王干老师是我们镇第一批正规中文系毕业的大学生,当美食遇到文学,流淌到笔下也就再正常不过了。记得王干老师刚毕业教我们语文课时,写过一篇短篇小说叫《槐花》,就与吃有关。

我第一次吃鱼头也与王干老师有关。还在上初中时,有一次和同学到王干老师家串门,被王干老师留下吃午饭。刚一开饭,王干老师就将一块连头带半个身子的红烧鲫鱼夹到我的碗里。从没吃过鱼头的我看着铺满碗面的鱼头,心中直犯难。但面对老师的盛情又不意思拒绝,只好硬着头皮,一点一点地试着吃了起来。没曾想,越吃越有味,不一会儿,连头带身子的半条鱼竟被我吃了个精光。

从此,我与王干老师的交往也大都是从吃开始的。

大学毕业那年,得知王干老师早已到南京,在《钟山》编辑部工作,于是赶紧约上同学去湖南路王干老师的单身宿舍去看他。老师热情地留我们晚餐。老师上街斩了盐水鸭、买了花生米,又用煤炉烧了几个菜,并从书柜里拿出坛装的泥池酒,就在宿舍里,我们师生几人竟然都喝得轻飘飘起来。后来有一次,王干老师带着我参加江苏作家的一次聚会,谈及此事,席间有赵本夫在场,笑着对王干老师说,原来我送你的好酒被你学生给喝啦。

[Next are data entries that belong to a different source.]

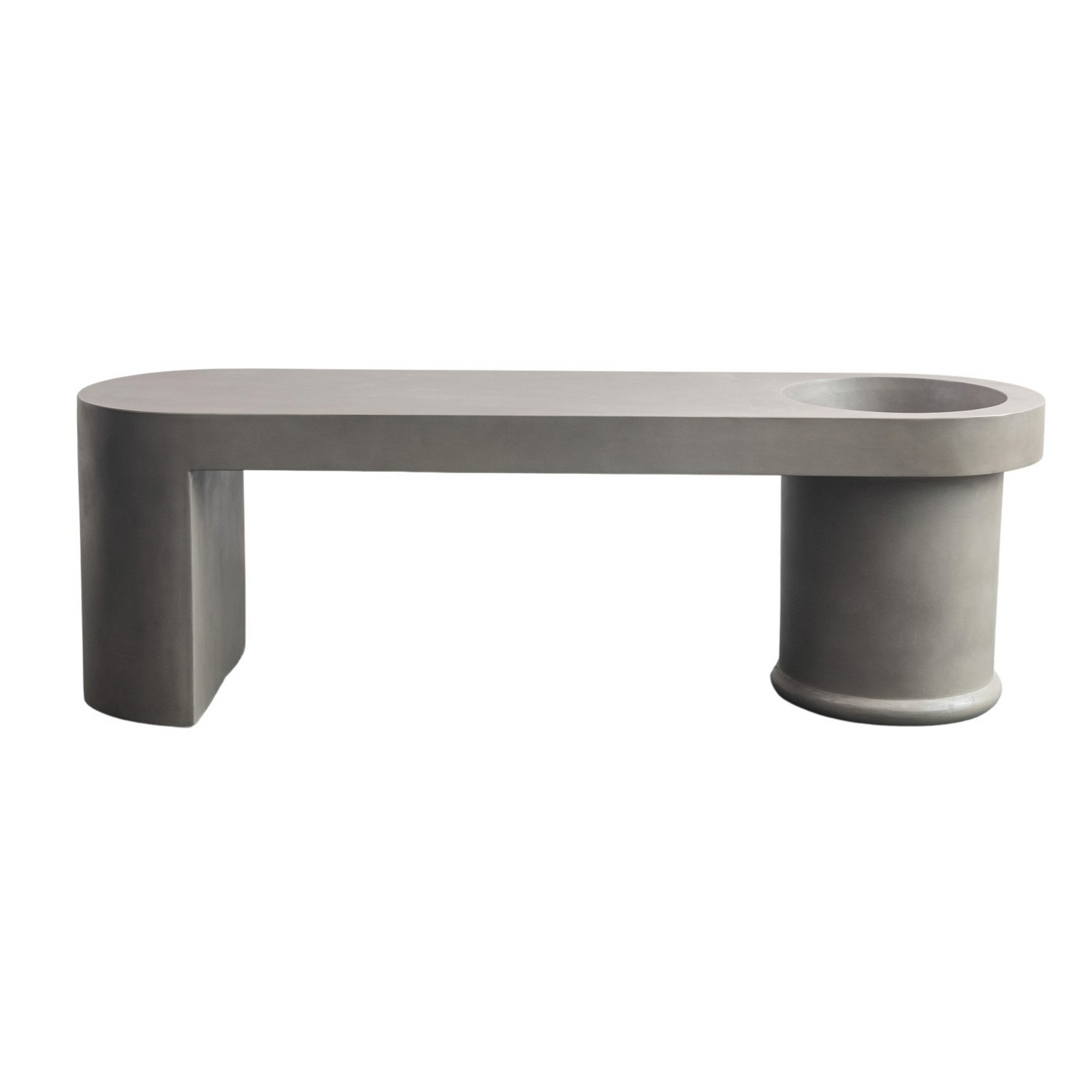 Indoor / Outdoor Bench with Planter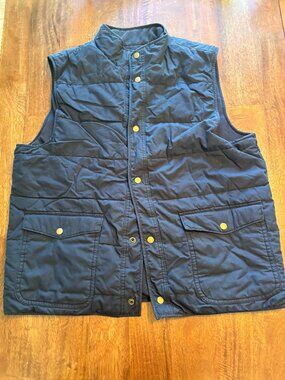 Men's Old Navy Vest - Large, Navy Blue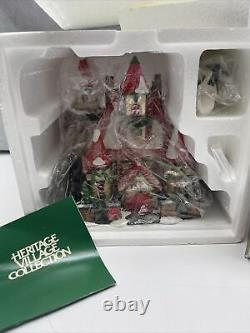 Dept 56 Heritage Village North Pole Series #56391 Route 1 Mr Mrs Clause Xmas JD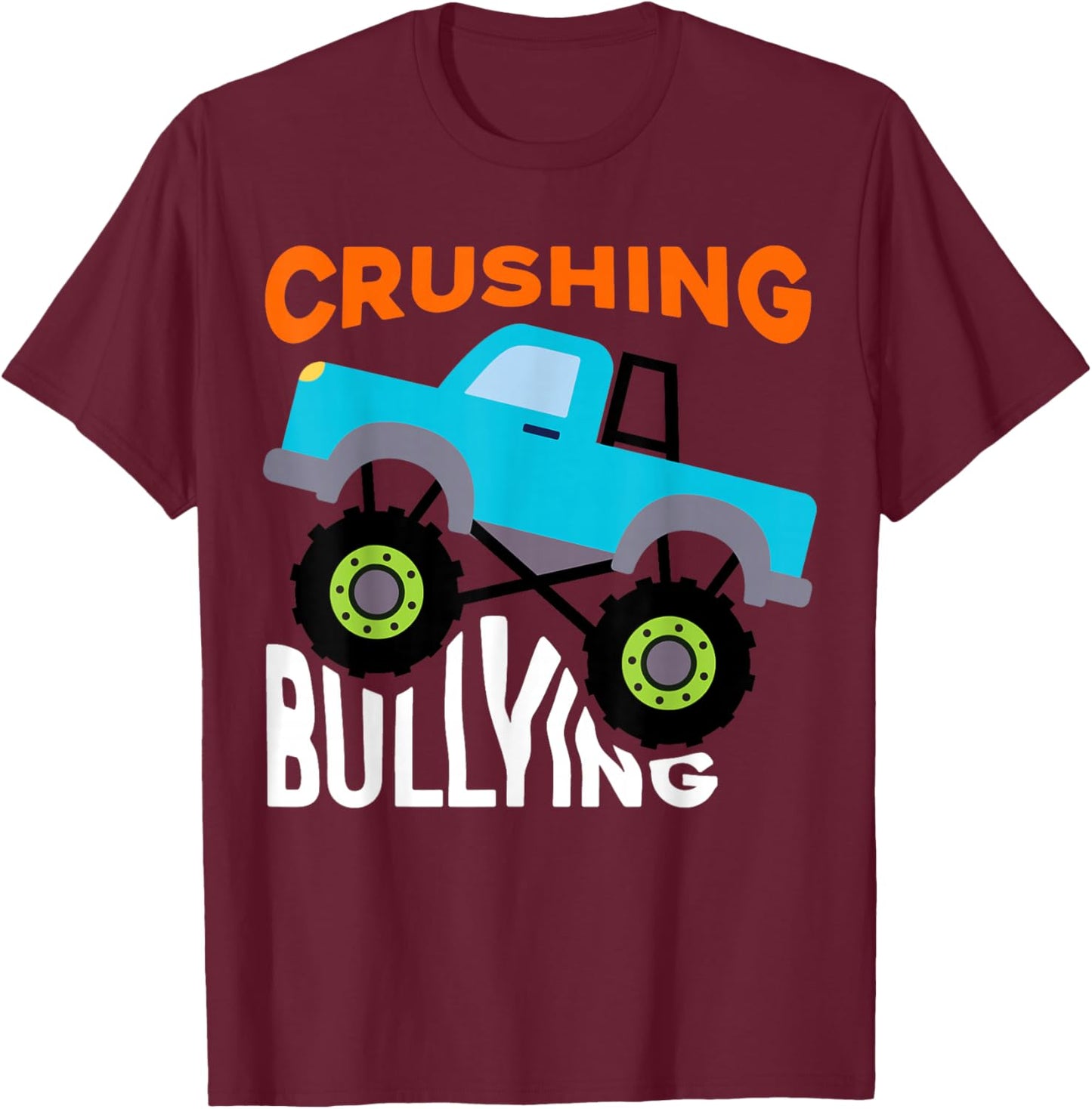 Boys Blue Anti Bullying Be A Friend Not A Bully Prevention T-Shirt - T-Shirt | Maroon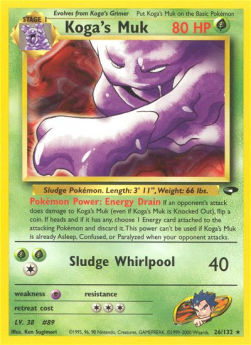 Koga's Muk - Gym Challenge (Rare) [GC-26]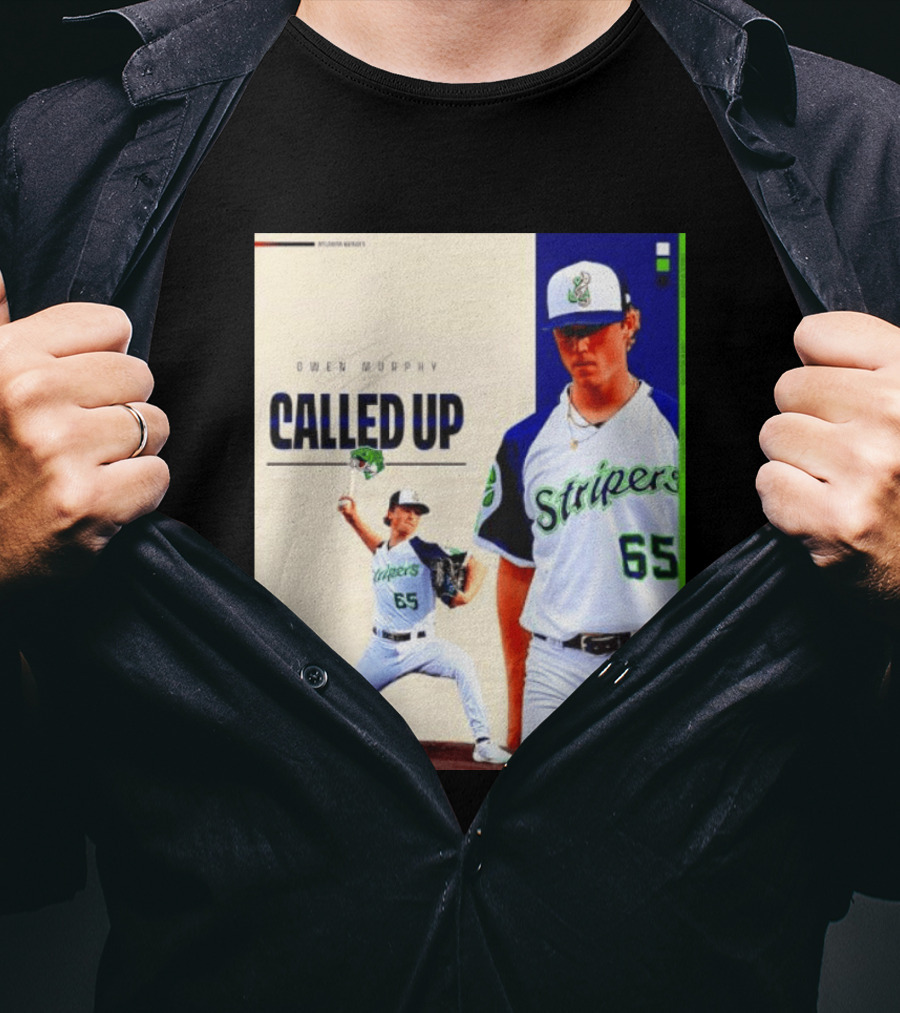 Owen Murphy Called Up Stripers 65 Player Announcement T-Shirt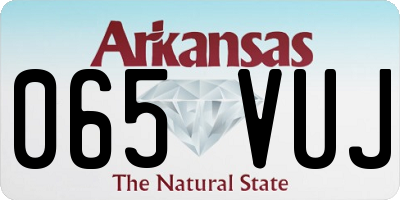 AR license plate 065VUJ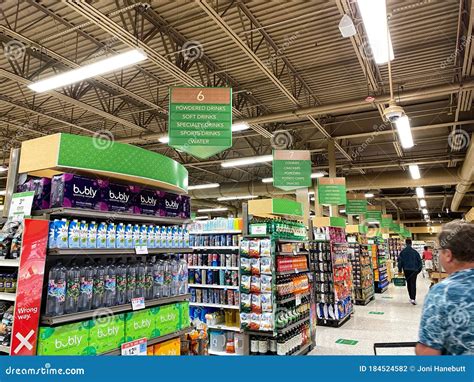 Grocery Store Aisle Layout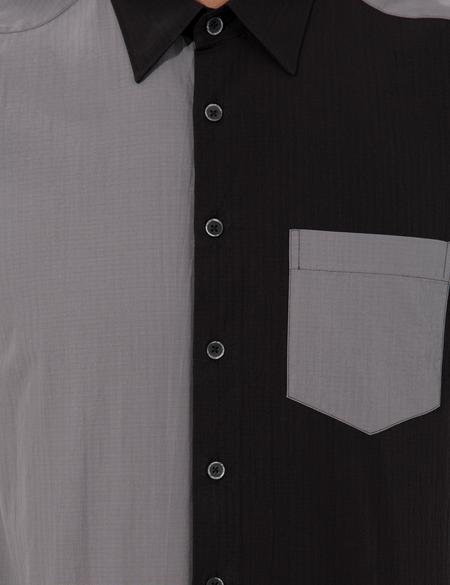 Siyah Regular Fit Kısa Kollu Gömlek - 50249485019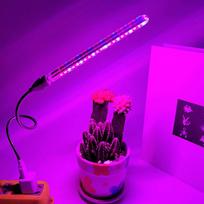 LED viso spektro augalų lempa USB auginimo šviesa lanksti LED augimo lemputė fito lempa gėlių sodinukų hidroponinis apšvietimas 1 Pcs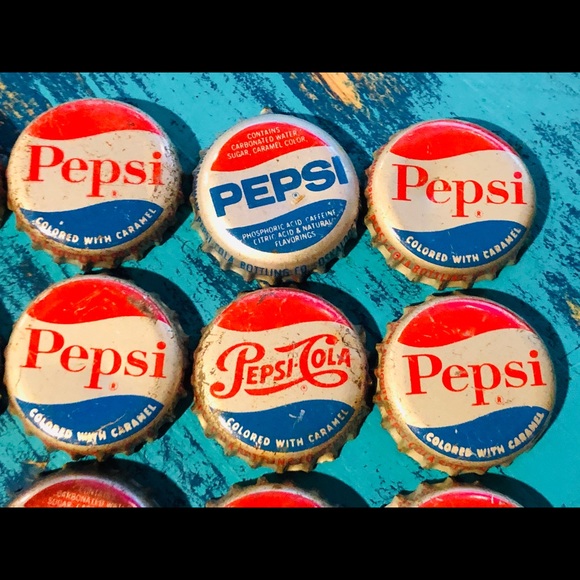 Vintage Pepsi cola metal caps 15pc - Picture 5 of 6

2007年,我到北京工作。王干老师也早已调至北京。跟王干老师相互约了几次,但彼此都忙,竟然始终未能见上面,我们彼此都有了放弃再约的念头。有一次周末的傍晚,我一人在宿舍门前的小餐馆用餐,忽然听到有人用陈堡话叫我的名字,我不敢相信。北京这么大,怎么可能会有人用我的家乡话叫我的名字呢?我不予理睬。呼喊声再次传来,这次是如此真切,我好奇地循着声音望去。竟然是王干老师!正在餐厅的另一头,直着身子看向我。我连忙走了过去。一问,原来王干老师今晚要招待一位家乡来的客人,正在等客人时,发现有个人的模样像我,但又不敢确认,毕竟好多年不见了。于是试着用家乡话喊了两嗓子,没想到,真的是我!于是,我们将菜并在一处,等客人一到,立即开喝起来。王干老师原本只带了一瓶酒,这下子不够喝了,又回家拿来一瓶。原来王干老师的家和我的宿舍竟然近在咫尺,同在一条街,缘份从此又续上了。

自这以后,王干老师有事没事就会叫上我,感觉在一起的主要任务就是吃。簋街的麻辣小龙虾、大鸭梨的烤鸭、云腾宾馆的云南米线、沪江香满楼的生煎包、东兴楼的糟溜三白,等等等等,一道道美食随着我们的足迹在累积、在排列。有时怀念家乡了,我们会去南京大排档各自点上一碗鸭血粉丝,到鼎泰丰吃上几笼不同馅的小笼包,到常州宾馆尝一下地道的豆腐炖百页。有时,家中有好菜了,王干老师还会喊我到家中吃饭。记得有一次,一位朋友从云南寄了一点名贵的菇给王干老师,王干老师专门打来电话,让我晚上去家中吃饭。师母毛老师厨艺了得,一盘云南菇被加工得鲜嫩肥美,余香至今。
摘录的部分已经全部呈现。